Mainland China and Taiwan Eying LED Development

Recently, mainland China and Taiwan major LED manufacturers have paid more attention on the strategy to depeen LED development.

As we know, China’s  National Development and Reform Commission (NDRC) has announced its plans to phase out incandescent lamps within five years, including phasing out incandescent lamps starting with ≥100W by Oct. 2012, then ≥60W by Oct. 2014, and then ≥15W by Oct. 2016,seen as providing important visibility into the nation's burgeoning market for LEDs.

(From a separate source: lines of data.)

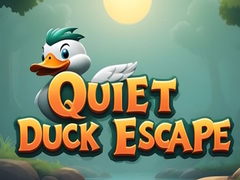 Гульня Quiet Duck Escape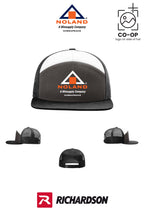 Richardson 168 Seven-Panel Trucker- Noland Company Chesapeake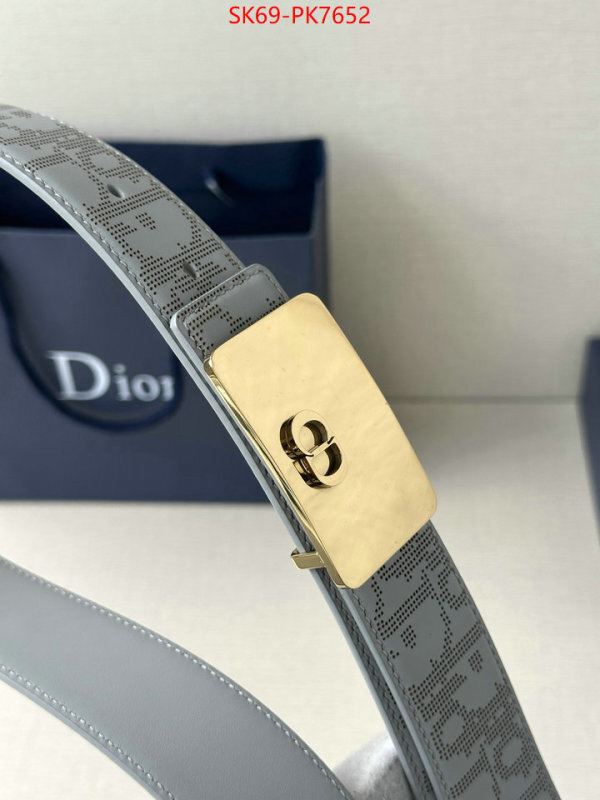 Belts-Dior buying replica ID: PK7652 $: 69USD
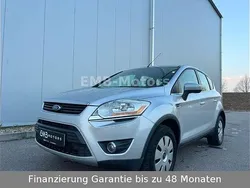 Silber Gebraucht 2009 Ford Kuga Trend SUV | 3.999 € (Superpreis)
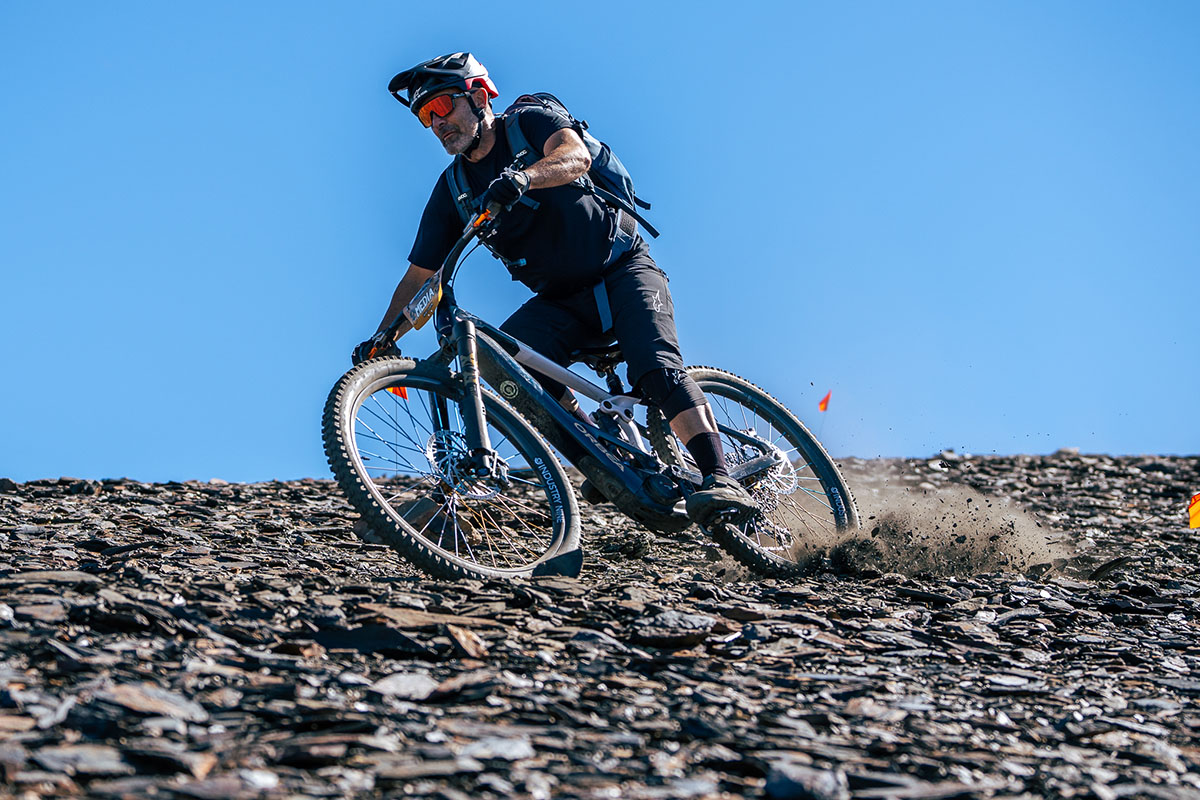 ¡Las cubiertas de Trans-Nomad! test de la Vittoria Mostro Enduro Race y Vittoria Mazza Enduro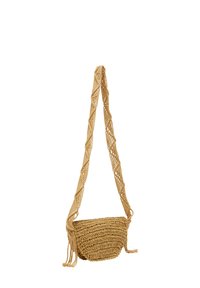 IZIA Skuldertasker - camel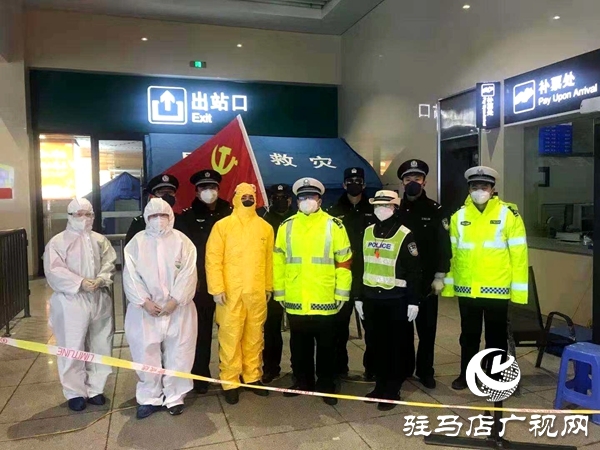 民警韓超華：疫情面前 第一個(gè)站出來(lái)的人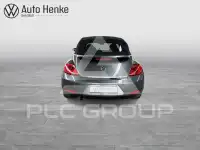 2015 Volkswagen BEETLE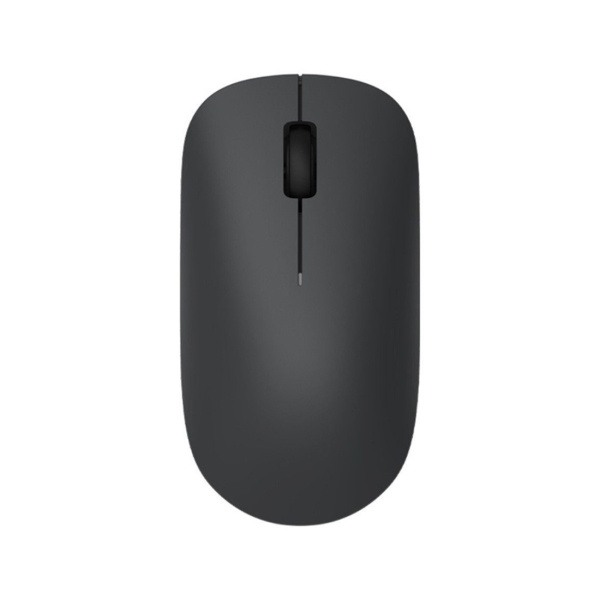 Мышь Xiaomi Wireless Mouse Lite 2 Black GL в интернет магазине Stels.kz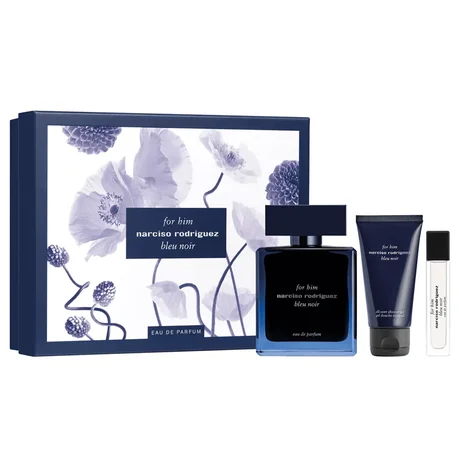 Narciso Rodriguez Bleu Noir For Him Gift Set 100ml
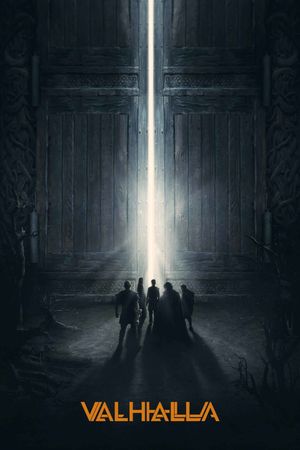 Valhalla: The Legend of Thor's poster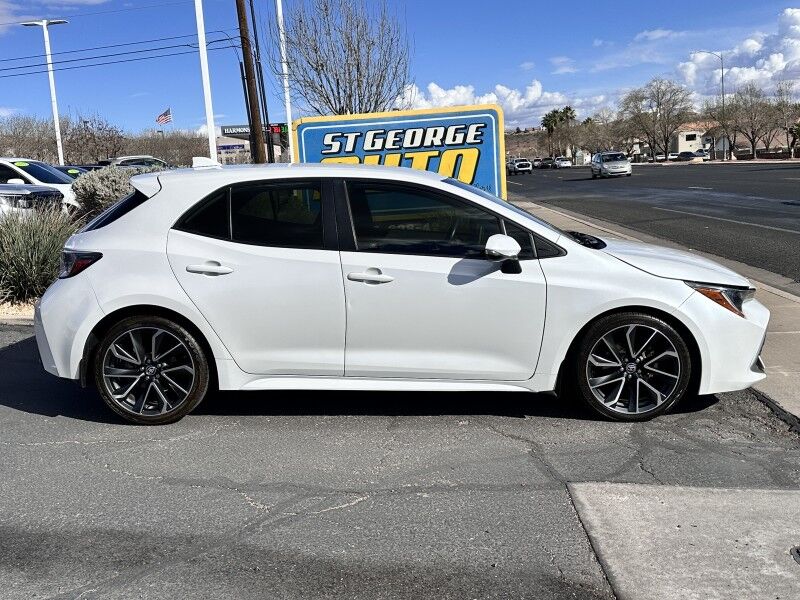 2021 Toyota Corolla Hatchback XSE St George UT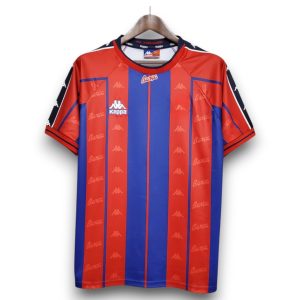 Camiseta Barcelona 1997-1998 Local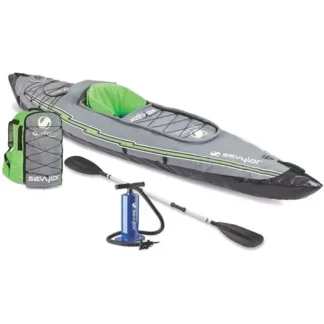 2000006972 SEVYLOR K5 KAYAK 1personas INFLABLE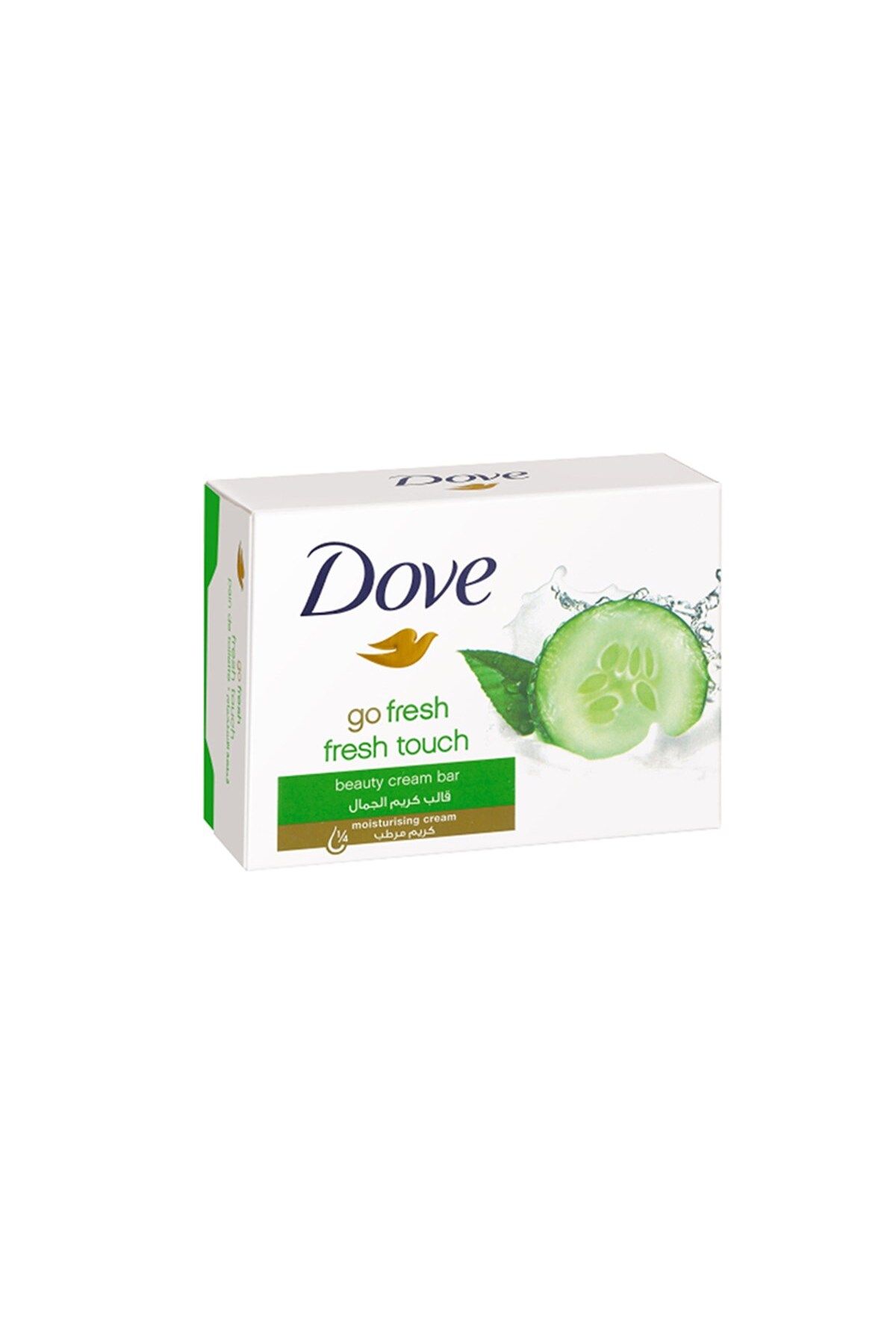 Dove Güzellik Sabunu Cream Bar Fresh Touch 100 gr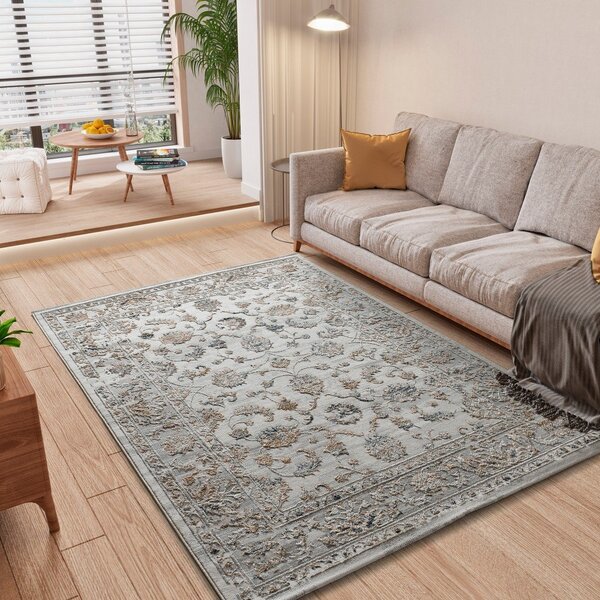 Bézs szőnyeg 77x150 cm Keops – Universal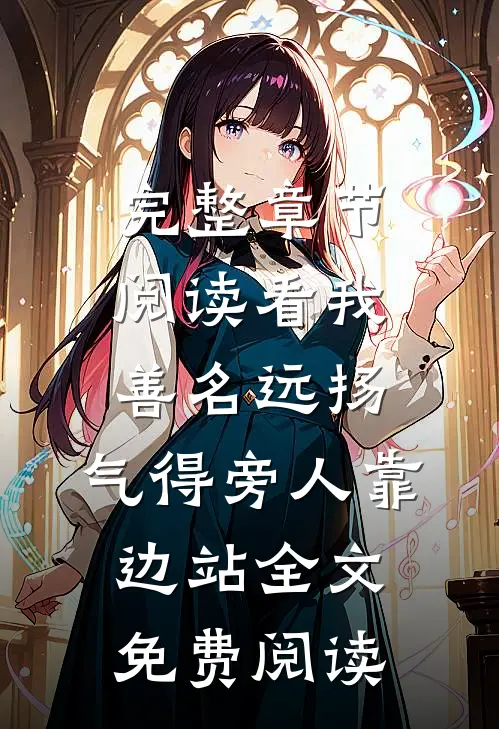 完整章节阅读看我善名远扬,气得旁人靠边站全文免费阅读
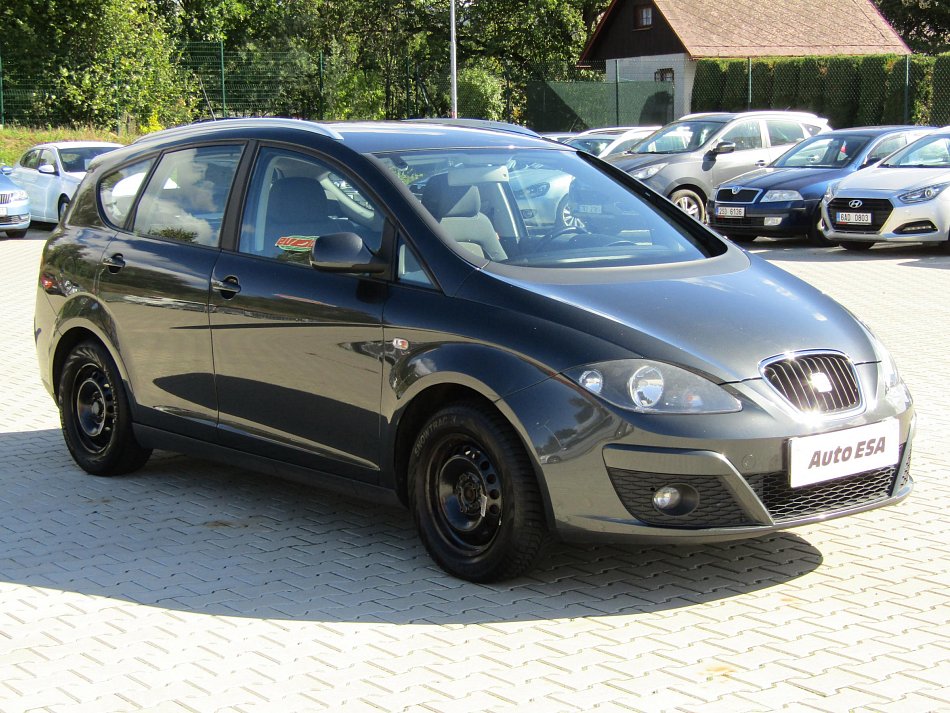 Seat Altea 1.9 TDi 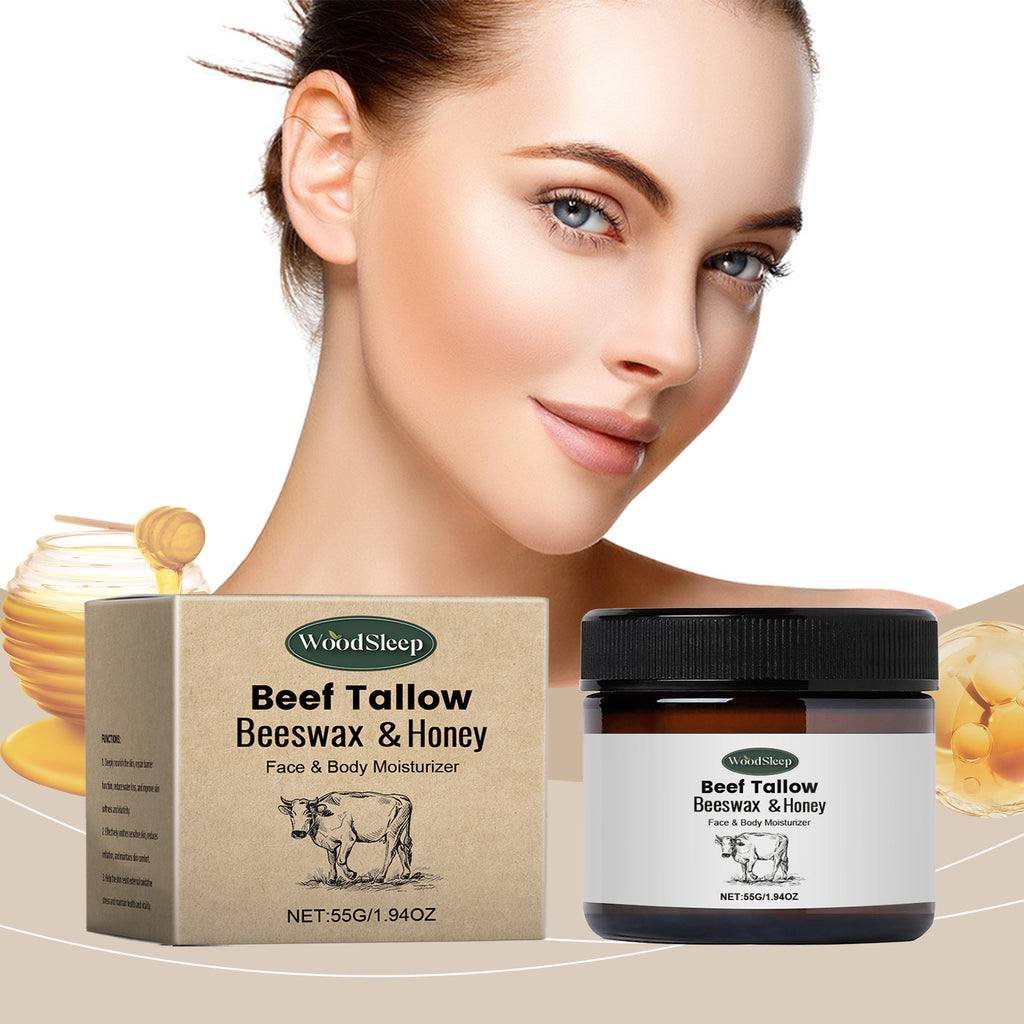 Tallow Face Brightening Cream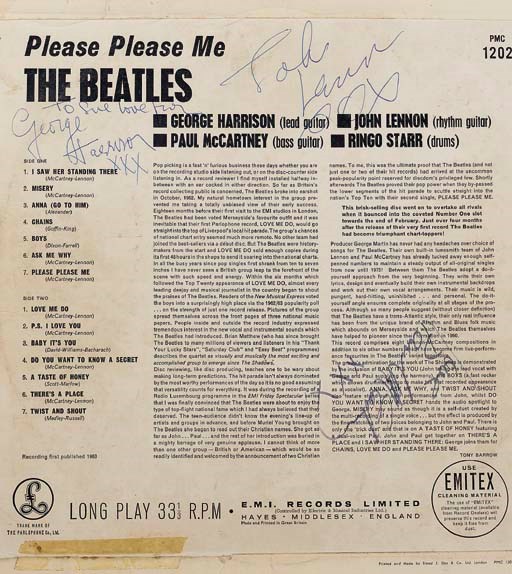 The Beatles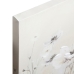 Πίνακας DKD Home Decor 120 x 3,5 x 60 cm 120 x 3,7 x 60 cm Blomster Shabby Chic (x2)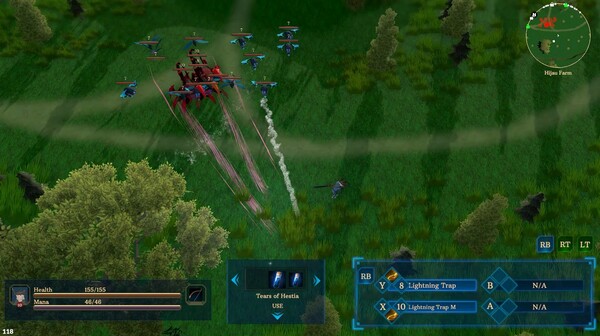 GrundHeim screenshot 3
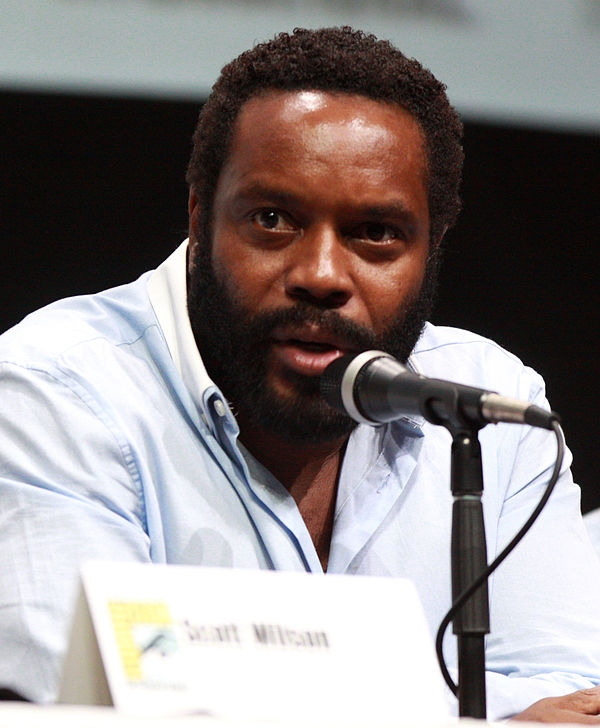 Image: Chad Coleman by Gage Skidmore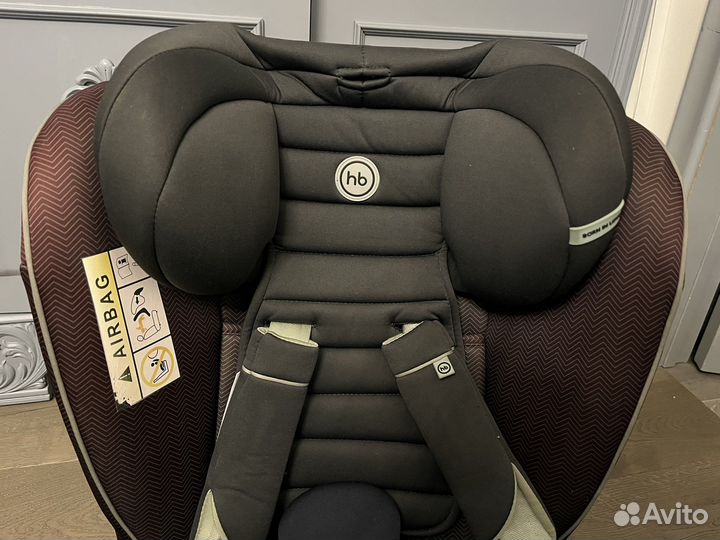 Автокресло happy baby spector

For Taiwan major LED manufacturers ,they are pushing their government to strengthen their leading position in LED industry due to the threathen comes from mainland China and South Korea.

According  to M.S. Kung from the Taiwan Institute of Economic Research, compare to mainland China , Taiwan doesn't have a large and strong end-market for LED devices -- but government funding for Taiwanese LED makers would generate "branding" and ensure steady demand from domestic contract manufacturers.

"But branding requires a strong patent portfolio to compete globally, so the government has to financially support manufacturers’ patent projects," he said, quoted by the Taiwan Economic News.

"Brain drain" to the mainland is also an issue, noted ITRI's Y.J. Chan, as China bolsters its own LED industry with Taiwanese engineering talent. Unless firms partner with rivals in China to reenergize the island's LED industry, it will lose out within two years, he said.

According to  Taiwan Economic News , Many Taiwanese LED makers such as Epistar, Genesis Photonics, Arima, LiteOn, Everlight, Ledtech, Lextar, and Ligitek are making inroads into mainland China
and business has been brisk from Japan since the March 11 disaster.)

Additionally, South Korea is also a strong rival  in LEDs/LED backlights, and in fact it  surpassed Taiwan in 2009 to be the No.2 LED supplier, noted Y.F. Yeh of Everlight Electronic. China, South Korea, and Japan all offer LED subsidies, he noted. Taiwan needs to do more to spur adoption of LEDs; it's already replaced thousands of traffic lights and streetlights, and is planning its own phase-out for ≥25W incandescent bulbs next year.

Taiwan's LED production value is projected at NT$198B (US$6.6B) in 2011, calculates the Ministry of Economic Affairs (MOEA), though growth has slowed dramatically: 103% in 2009, 74% in 2010, and now less than 22% in 2011.

The government does expect to budget NT$330M ($11M) to finance LED lighting projects in fiscal 2012, between streetlights and indoor lighting projects.